Add this to the bonfire of online threads that devolve into "I'm right because your privilege says I am", blaming, the hipster oppressed (I was kept down by the man before it was cool), I have found myself seeking out puff journalism, cat photos, and blandly factual websites to meet my internet addiction needs. Today, thanks to falling down a Huffington Post clickhole, I said enough was enough. I'm done pretending the toxic vomit of the SJW and those who engage them for fun and profit don't exist. What am I doing about it? In a word, nothing. Kind of. A wiser man had these thoughts long before I ever did. And he said of them "“As human beings, our greatness lies not so much in being able to remake the world – that is the myth of the atomic age – as in being able to remake ourselves.”. ~Mahatma Gandhi
Here's my pledge. I will be an ally instead of a warrior. I will hold my beliefs because of evidence I have found to be, at the time of discovery, credible. I will keep an open mind, encourage discussion, and hold facts above toxic mudslinging. I won't call for a personal army to fight on my or my cause's behalf. While I won't claim to be enlightened, wise, or beyond reproach, I will do my best to strive for this with the help of those around me. I will stand by an idea, cause, or person which creates unity, understanding, and inclusiveness to the best of my ability. Should I find my efforts misdirected, I will strive to disengage gracefully and acknowledge my mistake.
I will fail, most times unintentionally. Sometimes it will be spectacular, and sometimes due to personal weakness. I will make the effort not to torture myself with trying to nail that jello to a tree and crucify myself for being less than perfect. There's better use for the wood and plenty of sugar for the medicine of owning my mistakes. Fall down 7 times, stand up 8.
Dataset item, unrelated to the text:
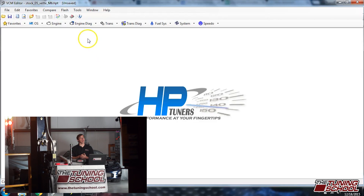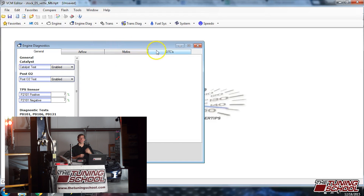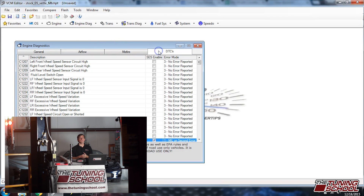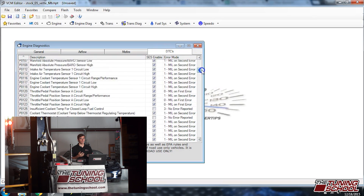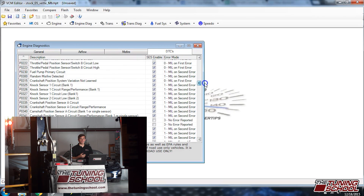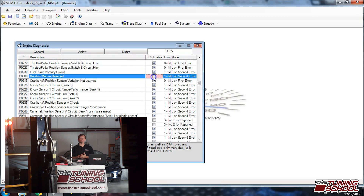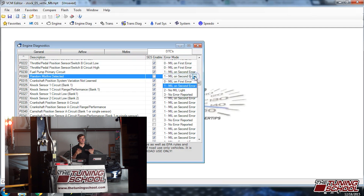To actually accomplish this, go up to Engine Diagnostics, then over to DTCs. Scroll down until you find P0300 — it's a little bit down a ways. Once you find P0300, uncheck the box. After you uncheck the box, set it to three — no reported error — and then the light's not going to come on your dash anymore.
Should someone around me stumble, I won't take it as an opportunity to kick, injure, slander, or metaphorically curb stomp them. I will make a best effort to resist making exceptions because "they deserve it". Karma, as a construct, is an invisible hand, and I have no place assuming I am its agent. If asked my stance, I won't couch my words, nor will I twist the knife. I will strive to listen to understand, not listen with the intent to reply. While I won't go looking for a fight, I can't say that should someone bring their own hanging rope, it should be my responsibility to keep them from using it on their own necks. I wouldn't expect that treatment in kind should the roles be reversed.
I will ask questions motivated by a desire to further a conversation and reach a common ground, not a desire to poke the proverbial bear. Above all else, I will not ask the rest of the world to fit its existence into a prefabricated box just because it makes me comfortable. What I will ask the rest of you to do, however, is to be a tourist in the lands outside your comfort zone. Take a phrase book, give the local lingo a shot, but let the natives give you a hand with your pronunciation. Make an effort to accept the help gracefully. Try on many hats, take a stroll in all the shoes you have the opportunity try on, and see what the world looks like through rose, yellow, blue, brown, and maybe even polarized glasses.
I believe there is a place for social justice in this world. But, just as David hid in the stone, we have an uncarved block commissioned to become understanding and unity. Urban legend tells an anonymous artist quipped that sculpting him must have been easy, all you had to do was carve away all the parts that don't look like David, The first cuts are always the roughest. We'll get there. Will you join me?